There are also troubleshooting and scenario-based questions, like how would you solve a ProvisionedThroughPutExceeded error, when should you merge or split shard, what encryption options are available, and how the Kinesis service integrates with other services.

AWS Database Migration Service (DMS)

This came up in a few questions, make sure you know when to use DMS vs other tools.

Amazon Simple Queue Service (SQS)

Just the difference between Kinesis and SQS. What should you use on each problem.

AWS Snowball

The test will add this as an option, although including this as a part of the solution is feasible, you should look at what the exam asks you for. If the solution requires you to migrate data fast, perhaps this is not the most appropriate one.

AWS IoT

I didn't get a lot of IoT questions, but it's nice to have an overview of this one. IoT topics, rules, and etc.

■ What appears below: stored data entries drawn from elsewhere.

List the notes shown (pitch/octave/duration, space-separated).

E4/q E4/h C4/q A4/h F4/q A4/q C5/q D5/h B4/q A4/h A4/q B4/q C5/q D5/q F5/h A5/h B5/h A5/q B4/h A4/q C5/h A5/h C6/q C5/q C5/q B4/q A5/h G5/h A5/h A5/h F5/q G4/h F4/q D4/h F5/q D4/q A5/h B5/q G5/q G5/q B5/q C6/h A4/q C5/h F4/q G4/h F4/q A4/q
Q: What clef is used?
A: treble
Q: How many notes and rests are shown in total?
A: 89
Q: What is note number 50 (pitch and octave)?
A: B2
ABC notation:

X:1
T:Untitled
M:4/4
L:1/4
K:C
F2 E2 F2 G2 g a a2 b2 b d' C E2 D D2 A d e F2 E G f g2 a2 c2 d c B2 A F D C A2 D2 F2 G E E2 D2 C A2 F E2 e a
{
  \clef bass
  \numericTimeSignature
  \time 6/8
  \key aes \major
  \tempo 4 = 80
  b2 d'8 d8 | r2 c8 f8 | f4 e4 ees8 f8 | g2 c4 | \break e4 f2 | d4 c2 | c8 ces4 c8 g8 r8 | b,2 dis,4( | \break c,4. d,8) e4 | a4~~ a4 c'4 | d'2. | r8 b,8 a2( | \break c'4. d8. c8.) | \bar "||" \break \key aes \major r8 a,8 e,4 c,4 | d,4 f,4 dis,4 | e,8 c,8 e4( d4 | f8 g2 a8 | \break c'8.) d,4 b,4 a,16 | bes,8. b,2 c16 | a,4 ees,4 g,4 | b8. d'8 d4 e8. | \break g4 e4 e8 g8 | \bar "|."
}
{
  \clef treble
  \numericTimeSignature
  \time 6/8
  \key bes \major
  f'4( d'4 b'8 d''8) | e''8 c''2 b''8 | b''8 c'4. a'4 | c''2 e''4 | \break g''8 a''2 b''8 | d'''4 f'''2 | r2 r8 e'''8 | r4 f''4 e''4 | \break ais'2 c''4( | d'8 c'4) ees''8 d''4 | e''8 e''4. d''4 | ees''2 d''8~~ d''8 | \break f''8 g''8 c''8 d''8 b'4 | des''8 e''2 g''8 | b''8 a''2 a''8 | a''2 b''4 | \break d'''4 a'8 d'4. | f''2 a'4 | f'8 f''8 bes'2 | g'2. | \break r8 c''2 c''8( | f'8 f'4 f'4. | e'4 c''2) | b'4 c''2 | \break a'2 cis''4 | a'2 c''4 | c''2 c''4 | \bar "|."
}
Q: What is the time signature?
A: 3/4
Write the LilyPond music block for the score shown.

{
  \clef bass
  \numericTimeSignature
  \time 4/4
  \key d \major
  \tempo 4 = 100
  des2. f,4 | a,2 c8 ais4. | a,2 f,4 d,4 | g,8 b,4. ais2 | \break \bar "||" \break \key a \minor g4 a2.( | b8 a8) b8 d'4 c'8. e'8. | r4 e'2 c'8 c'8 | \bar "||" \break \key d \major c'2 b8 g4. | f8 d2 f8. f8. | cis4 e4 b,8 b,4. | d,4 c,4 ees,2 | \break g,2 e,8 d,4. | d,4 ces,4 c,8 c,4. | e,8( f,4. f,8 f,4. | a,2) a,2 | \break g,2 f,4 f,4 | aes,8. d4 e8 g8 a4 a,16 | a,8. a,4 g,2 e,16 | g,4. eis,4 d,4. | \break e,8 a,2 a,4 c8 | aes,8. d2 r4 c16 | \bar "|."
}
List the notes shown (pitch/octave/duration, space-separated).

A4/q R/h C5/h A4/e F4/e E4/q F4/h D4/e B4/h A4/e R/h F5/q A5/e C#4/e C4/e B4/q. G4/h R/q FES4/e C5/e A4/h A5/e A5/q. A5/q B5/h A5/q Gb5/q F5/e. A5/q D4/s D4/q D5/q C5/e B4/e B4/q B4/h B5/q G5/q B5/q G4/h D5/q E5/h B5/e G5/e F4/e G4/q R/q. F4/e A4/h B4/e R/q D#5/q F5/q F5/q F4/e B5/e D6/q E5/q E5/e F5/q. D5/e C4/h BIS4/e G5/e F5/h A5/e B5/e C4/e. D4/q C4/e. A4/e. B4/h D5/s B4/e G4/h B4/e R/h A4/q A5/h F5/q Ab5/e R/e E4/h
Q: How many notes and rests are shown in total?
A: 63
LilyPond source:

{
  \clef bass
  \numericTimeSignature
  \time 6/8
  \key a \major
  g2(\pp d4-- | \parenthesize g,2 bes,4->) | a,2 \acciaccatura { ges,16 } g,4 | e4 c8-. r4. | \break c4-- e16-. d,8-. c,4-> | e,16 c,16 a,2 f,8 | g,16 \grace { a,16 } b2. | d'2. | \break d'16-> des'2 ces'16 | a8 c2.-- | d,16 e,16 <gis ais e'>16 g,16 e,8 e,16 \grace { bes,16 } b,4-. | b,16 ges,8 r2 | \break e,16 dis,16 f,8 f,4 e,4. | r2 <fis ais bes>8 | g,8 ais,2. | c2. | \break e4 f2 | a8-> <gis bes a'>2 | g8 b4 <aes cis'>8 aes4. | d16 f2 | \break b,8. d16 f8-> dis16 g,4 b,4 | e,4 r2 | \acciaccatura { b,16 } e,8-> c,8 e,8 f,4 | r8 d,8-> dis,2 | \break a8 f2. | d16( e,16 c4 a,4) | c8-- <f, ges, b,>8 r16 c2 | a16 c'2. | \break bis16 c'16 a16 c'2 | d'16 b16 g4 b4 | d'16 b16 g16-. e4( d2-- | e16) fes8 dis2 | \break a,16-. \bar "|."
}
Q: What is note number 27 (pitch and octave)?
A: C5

Just browse through it.

AWS Managed Streaming for Kafka (MSK)

MSK is another option for streaming data similar to Kinesis, so knowing when to use MSK vs Kinesis will be crucial.

AWS Direct Connect

Part of a data warehouse migration is integrating your on-premises data center to your Amazon VPC network, knowing when to use a Site-to-Site VPN and a Direct Connect can help you with this.

✅ Storage

Amazon S3

From Storage Classes, Replication, Lifecycle, and etc. You need to know your Amazon S3 concepts! Amazon S3 Glacier also covers some part for archiving purposes.

Amazon DynamoDB

Understanding what DynamoDB and its features is essential also, as the exam will trick you into choosing other services instead of this one so knowing the advantages and disadvantage of DynamoDB will help you filter those tricky questions.

Amazon Elasticache

I didn't get an Elasticache question, but knowing what it is also helps.

✅ Processing

AWS Lambda

Lambda covers a lot in the exam, as it integrates with almost all of the AWS Services, so knowing when to use Lambda or not is definitely one you should be studying for.

AWS Glue

AWS Glue also shows up on a lot of the options, I've had no troubles with Glue as I've been using it since Version 1. Generally if the question looks for a cost-effective_ solution which requires no operational overhead, definitely look for a Glue answer.

Features of Glue also shows up, bookmarks, DynamicFrame functions, job metrics, and etc. Troubleshooting a Glue Job is also one, what should you do if Glue throws an error.

Amazon EMR

Study and understand EMR, all of its application! Period.

AWS Lake Formation

If the question is about managing access to your data lake, Lake Formation is the answer instead of managing it via IAM.

AWS Step Functions

Used for orchestration, an overview will do.

AWS Data Pipeline

I didn't get a Data Pipeline question, but they show up as one of the answers, so knowing it will help.

Other AWS Services

S3Select, S3DistCP, Hadoop Tools (Ganglia, Mahout, Ranger, HCatalog, etc.), just a basic understanding of what they do will suffice.

✅ Analysis

Amazon Kinesis Data Analytics

KDA allows you query streaming data using SQL, knowing window functions will help and when you should use KDA vs Lambda.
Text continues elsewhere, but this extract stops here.